What was at 1 p.m. yesterday a “fundamental agreement on a set of principles” became, by yesterday evening, a bloodbath of partisan politics, which once again took precedence over the interests of the American people. And at the center of all this mess was the heroic savior of the economy, America’s patron saint who beneficently champions the cause of “country first” – John McCain.
Whether or not you agreed with the bailout plan, you have to ask yourself – since we are in the middle of a (allegedly suspended) presidential campaign where one candidate valiantly stated that he’d put securing a swift resolution of the sudden economic crisis ahead of getting elected – why the “fundamental agreement” fell apart. The answer is simple: John McCain came to town.
The timeline is clear. Both The New York Times and The Washington Post report that at 1 p.m. yesterday senior congressional leadership in both the Senate Banking and House Financial Services committees announced a bipartisan agreement on a set of principles that they were confident would become legislation passable within days. Senator Robert Bennett, a Republican and the chief Senate negotiator for the Republicans, said he was confident that “we will indeed have a plan that will pass the House, pass the Senate and be signed by the president and bring a sense of certainty to this crisis.” That was bipartisanship; that was putting the American people first and leaving political posturing at the door in what Bennett described as “one of the most productive sessions…I have participated in since I have been in the Senate.”
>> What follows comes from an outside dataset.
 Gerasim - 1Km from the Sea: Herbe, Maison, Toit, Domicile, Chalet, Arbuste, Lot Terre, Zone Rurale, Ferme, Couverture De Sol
But, apparently, House Republican Leader John Boehner and Rep. Spencer Bachus (R-Ala.) – who attended the negotiation sessions – had other ideas. While Democrats and Republicans were reaching a bipartisan compromise at the Capital, Bachus was having breakfast with two McCain advisors, continuing discussion of the details of an alternative proposal that the negotiators apparently knew nothing about. The breakfast came after a Wednesday call between Bachus and McCain. Bachus then had a follow-up conversation with McCain immediately after the negotiation session. Bachus said this alternative proposal had McCain’s support, a fact which Bachus and Boehner apparently knew as early as Wednesday but never bothered to tell their fellow Republicans in the Banking and Financial Services committees. In fact, unbeknownst to the Bush Administration and to Democratic and Republican leadership in the negotiation sessions, this alternative had gotten so much support among what the Washington Post described as a “renegade bloc of Republicans” that McCain, as he would later tell ABC, knew going into the 4 p.m. White House meeting that “there was never a deal.”
McCain, however, rather than try to stave off the embarrassment of a public fallout at the meeting and a negotiation-choking breakdown in trust among Democrats and Republicans needed for further negotiations, chose to keep that sentiment to himself. In fact, it was not until the White House meeting that anyone outside of McCain and his cadre of Republican supporters even heard about this new proposal (a proposal which, by the way, Paulson and Bernanke had earlier considered and rejected). Even President Bush was “surprised and angered” by the development. Once the meeting got underway, Boehner – to the surprise of many in the room (except McCain) – declared that he had a “caucus” and that it did not support the plan put forth by Paulson.
Boehner’s alternative was met with intense questions from Obama and Rep. Barney Frank (D-Mass.) and was rejected outright by Bush and Paulson. McCain, however, seeing a cataclysm emerge in the negotiations that he’d apparently flown in on his white chariot to save, declined to take a stand. At the one moment when McCain could have proven himself presidential – indeed at the moment that McCain could have demonstrated that he did not “suspend” his campaign as a Hail Mary pass to revitalize it – McCain chose not to take the lead and take a position that could have saved the negotiations. Even the Atlantic’s Marc Ambinder, whose report McCain put forth as an accurate depiction of what took place, wondered “if not to get these recalcitrant Republicans on board, why did McCain go to Washington in the first place?”
The answer, Mr. Ambinder, is clear. McCain went to Washington not to help bring consensus to his Party, but rather to try and once again reinvent himself and revitalize his campaign by painting himself as the great deregulator who put forth a plan that stood up to those pesky “socialist” Democrats and the backward Bush Administration. Translation: McCain is once again the “maverick” who represents a change from Bush policies. By declining to take a stand at the meeting, he’s trying to preserve an argument in case this mumbo-jumbo doesn’t fly. At this point, McCain is as transparent as the air on a crisp winter morning. He doesn’t care about this country or even his own Party (what McCain and Boehner did at the meeting was akin to a coup d’état). All McCain cares about is winning this election, and to achieve that aim a divided Republican Party – and the suffering of millions of Americans in the economic collapse that is certain to come if these stall tactics continue – is a small price to pay.